One of the main attractions of wildlife travel is the chance to study wildlife in places it has been little studied.
This gives the enquiring naturalist opportunities to make some genuine discoveries.
This creeping tide of caterpillars was only a fraction of a procession of many thousands spotted winding their way down the trunk of a Baobab tree in the highland woodlands of Ruaha National Park in Tanzania.
Our guide had a broad knowledge and wide experience of the wildlife of the area, but had never seen this before, probably because the grey mass blended so perfectly with the baobab bark you had to be within a metre or so to spot them at all.
What was very noticeable were the large white patches on the trunks where these grubs had spun thick silken mats in which to hide between feeding sorties up into the crown of the tree.
Numerous moth species around the world produce processionary caterpillars which spin various types of silken tent in which the whole mass hide from predators.
However, this giant procession on this giant tree was surely an extreme example.
I felt sure the species must be well-known and that a few minutes of internet investigation upon my return home would solve the mystery.
Well, I have been able to discover that the larvae belong to a species of ‘Bag Nest’ Moth.

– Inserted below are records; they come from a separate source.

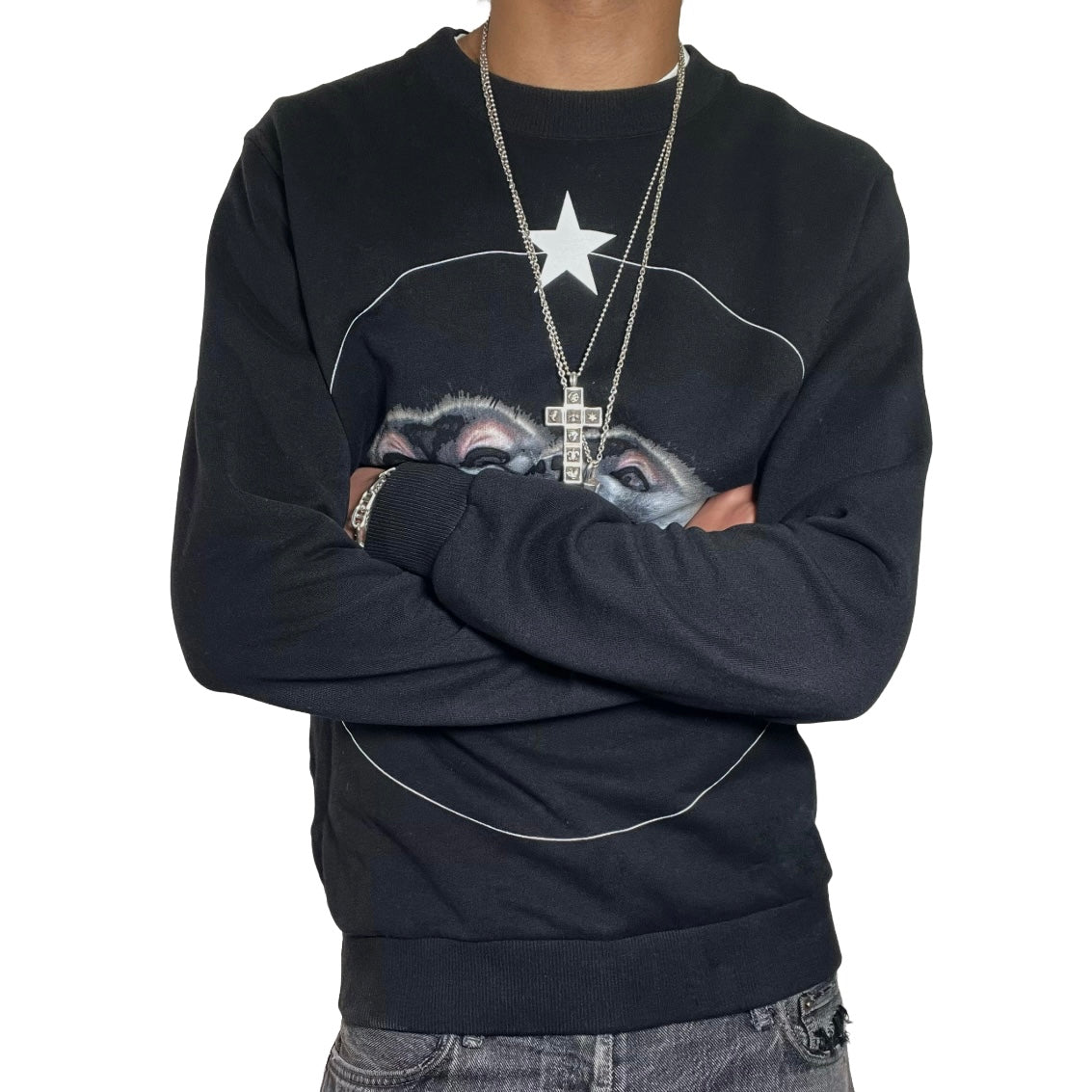 Givenchy Riccardo Tisci Monkey Brothers Sweatshirt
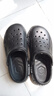 回力四季踩屎感洞洞鞋男士凉鞋2025新款包头拖鞋外穿休闲开车运动沙滩鞋 黑色【品质升级版】 45 -46码 实拍图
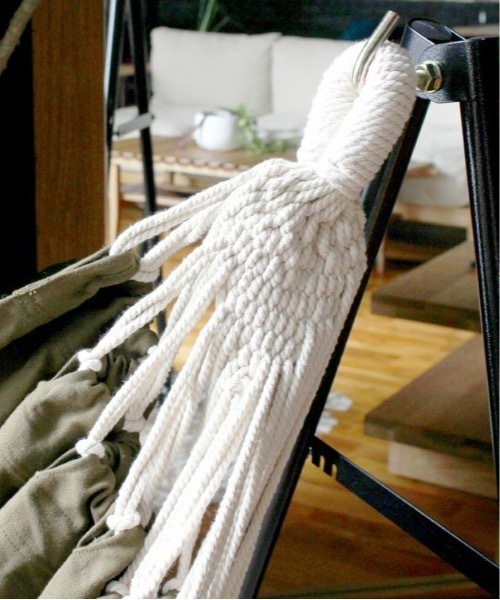 a.depeche(アデペシュ)の「【a.depeche/アデペシュ】自立式3wayハンモック3WAY Hammock(GYExBR) / 自立式3ウェイハンモック(ハンモック・ハンモックチェア・ハンガーラック) 1台3役 一人用 アウトドア 持ち運び用バッグ付き(アウトドアグッズ・レディース・カーキ・FREE)」の9枚目の写真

Bag Nest Moths are a large family of white moths with brown spots.
However, it appears that we may have given them all names, but we have not yet discovered the life cycle of the various species.
Until a local naturalist – of which there are very few in Ruaha – actually hatches some of these grubs in captivity, it seems that we will never know which of the
many Bag Nest Moths is the one which lives on Baobab trunks in such enormous, yet unseen, numbers.
I suppose it’s always a good excuse to go back?